We spent most of our engagement apart, due to boot camp and him being stationed in California while I was in Washington. He was gone 6 months of our first year of marriage. He has been deployed three times for months on end and attended numerous academies for further schooling.
So we wrote. We wrote about every day life, we wrote about how much we missed each other, we wrote about our hopes for the future and we wrote our love for each other. We wrote of unhappiness, of bills coming due, of children and fellow soldiers behaving poorly. We wrote it all.
Nothing was left unsaid. I wanted him to feel connected to our life at home, he wanted me to know he was thinking of us always. Distance didn't mean I didn't need some help or advice, or that he didn't need encouragement in his endeavors.
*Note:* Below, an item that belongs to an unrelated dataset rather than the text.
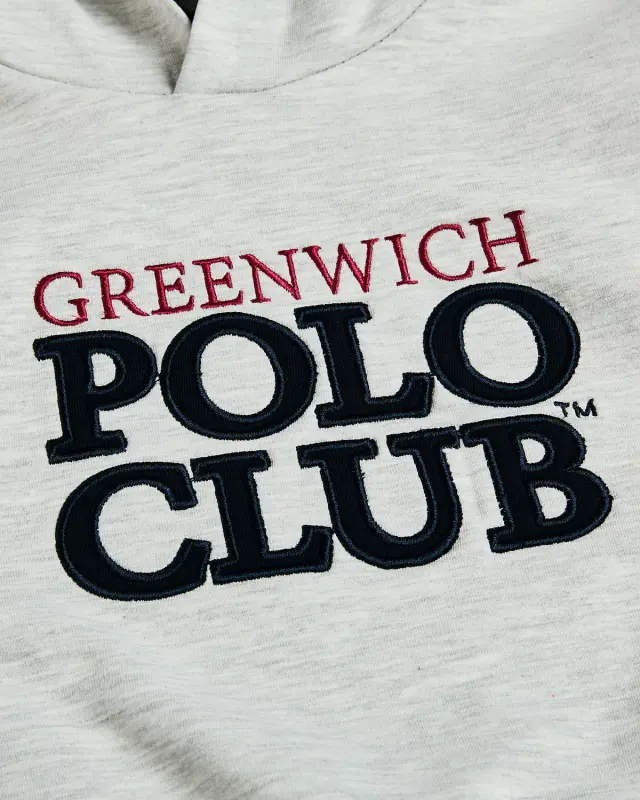 Σετ φόρμας φούτερ Greenwich Polo Club με κέντημα 3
It isn't just letters either. We are so used to writing, we write notes. When I used to make his lunch, I'd slip a note in almost daily. When he leaves for a weekend, chances are I will find a note from him taped to the mirror, or the coffee pot, or the computer. A for-no-reason-except-I-love-you card is pulled out from an inside coat pocket, or tucked under a pillow, and suddenly whatever is going on, the dinner not quite right, the truck wires crossed, the sick kids and dog, the chores and work that is never ending, all of that disappears and for a moment it's just the two of us.
I've got boxes galore filled with notes, cards, and letters. Some have been censored for our children (if you find letters with pages torn in half, you probably don't want to know) but for the most part they are whole and true. I can pull one out and feel that moment again, tiredly writing a letter before I fell asleep or giddy with excitement that a letter from him arrived.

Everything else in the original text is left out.